*PROBLEM DESCRIPTION*. Please reproduce the entries below exactly from the line holding "Obraz na plátne - Na vlnách hudby - 45x80 cm" through the last line, both included, and omit any pictures.

Captioned web images:

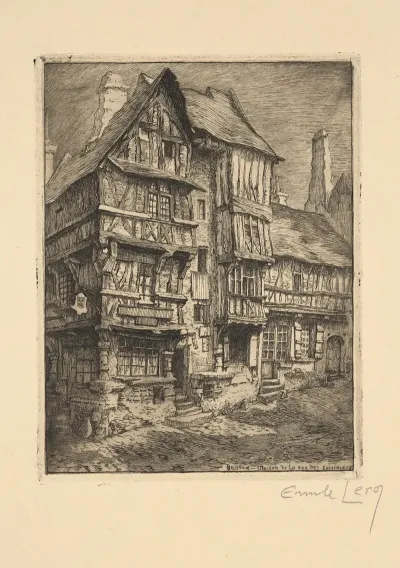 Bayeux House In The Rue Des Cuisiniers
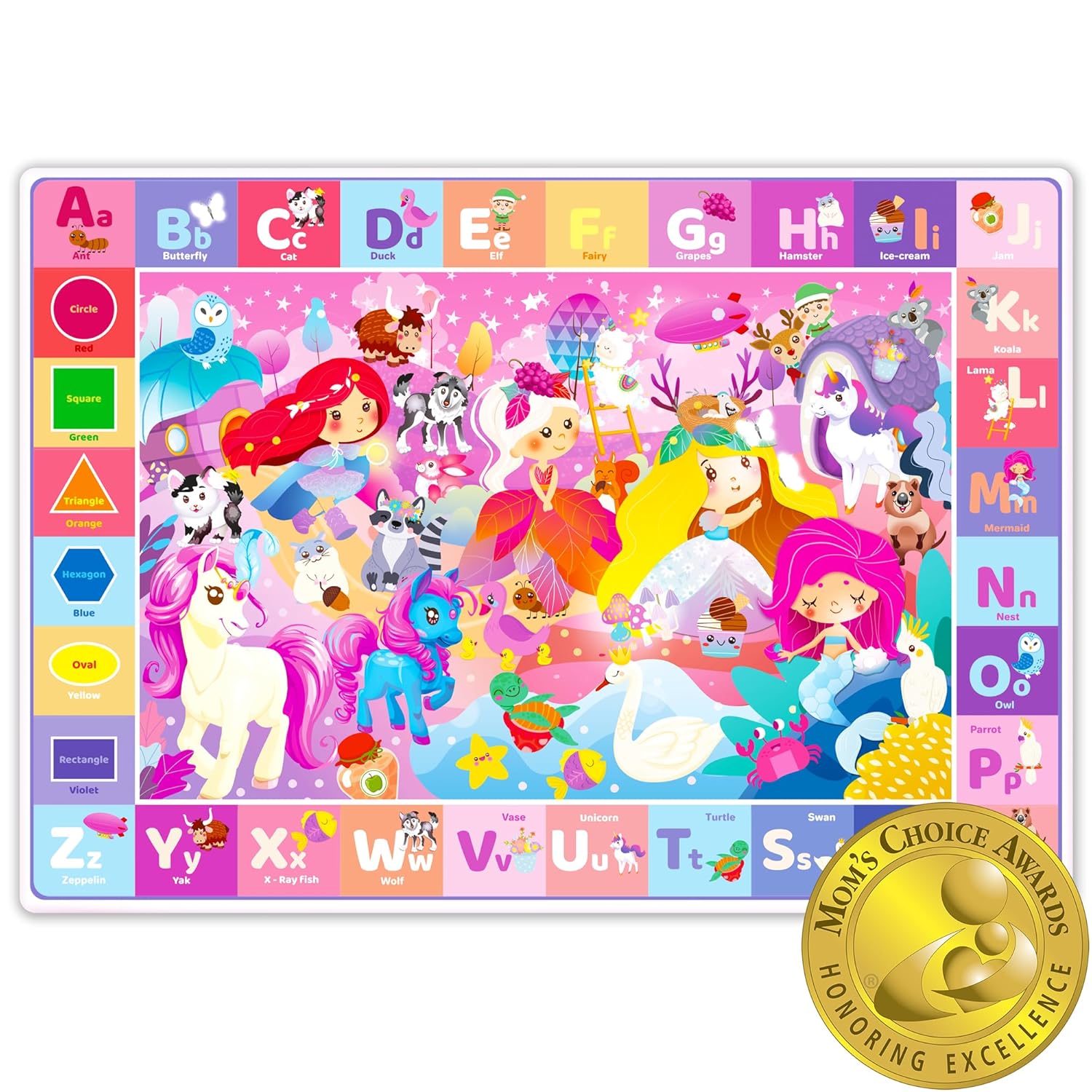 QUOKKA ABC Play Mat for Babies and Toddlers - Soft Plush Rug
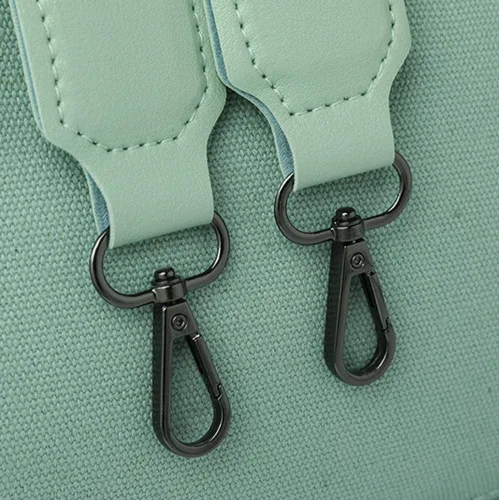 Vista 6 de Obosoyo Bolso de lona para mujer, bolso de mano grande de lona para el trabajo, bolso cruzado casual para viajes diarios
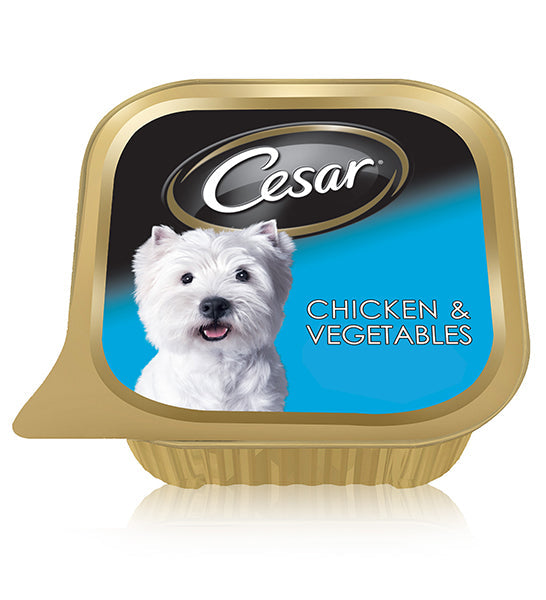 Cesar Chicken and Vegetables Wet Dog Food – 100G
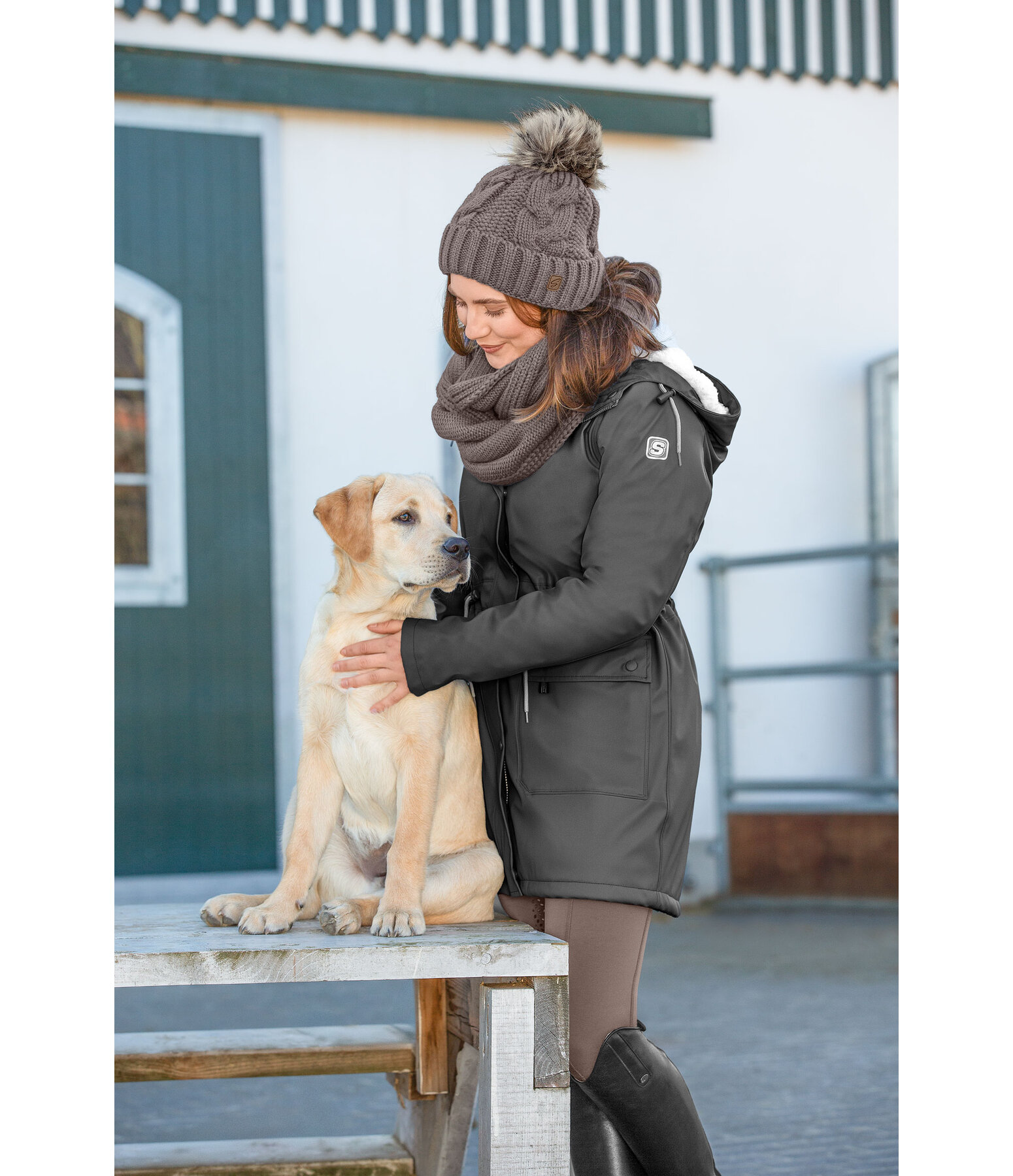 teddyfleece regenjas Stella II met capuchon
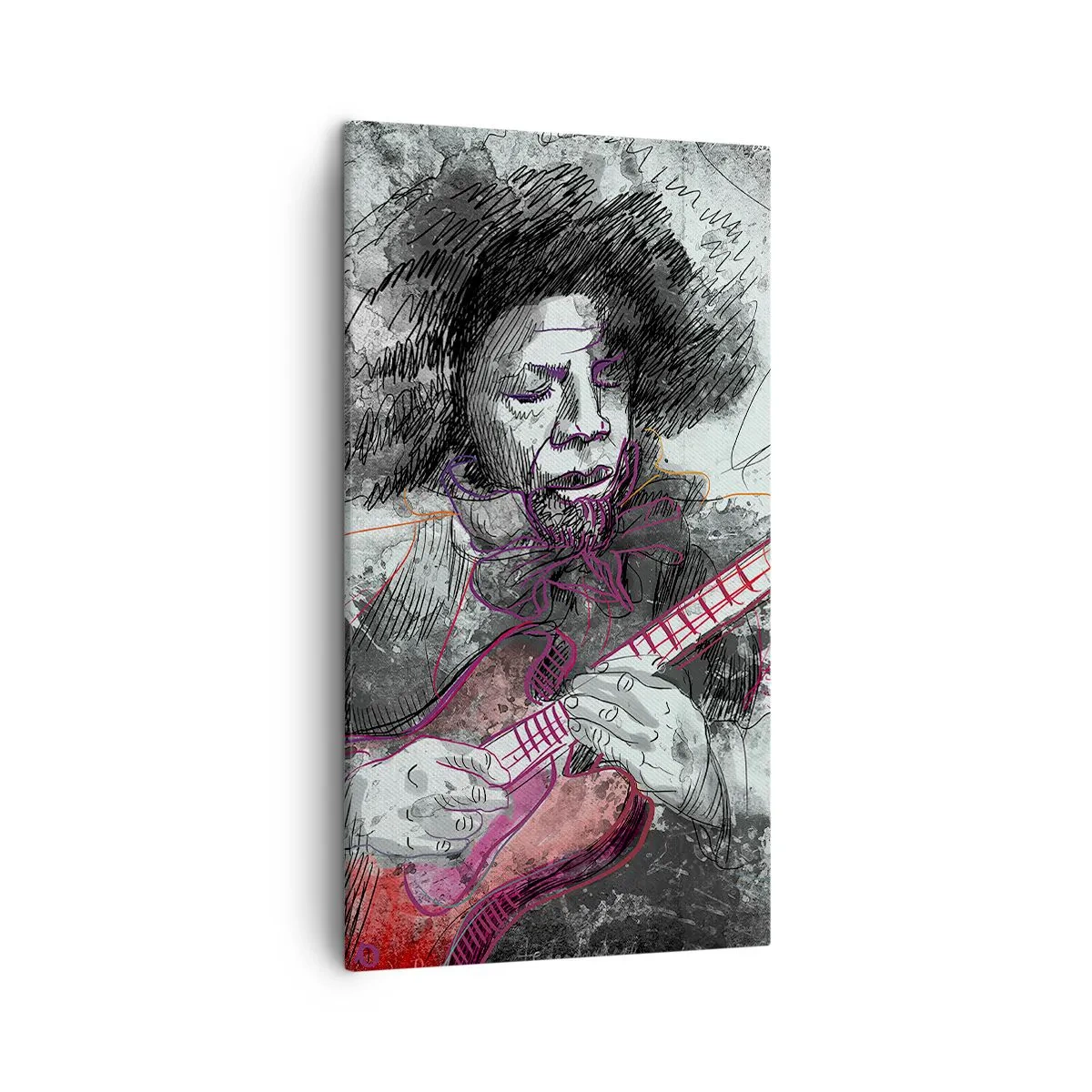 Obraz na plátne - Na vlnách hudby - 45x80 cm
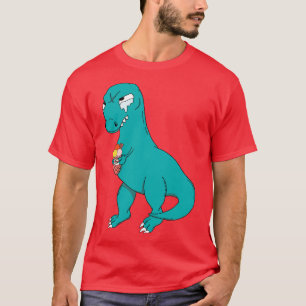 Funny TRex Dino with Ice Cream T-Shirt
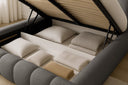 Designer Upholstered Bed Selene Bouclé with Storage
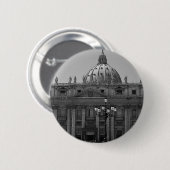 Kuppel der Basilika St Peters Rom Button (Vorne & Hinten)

*REPLY*.
 Obraz na plátne - Na vlnách hudby - 45x80 cm
 Funny TRex Dino with Ice Cream T-Shirt
 Designer Upholstered Bed Selene Bouclé with Storage
 Kuppel der Basilika St Peters Rom Button (Vorne & Hinten)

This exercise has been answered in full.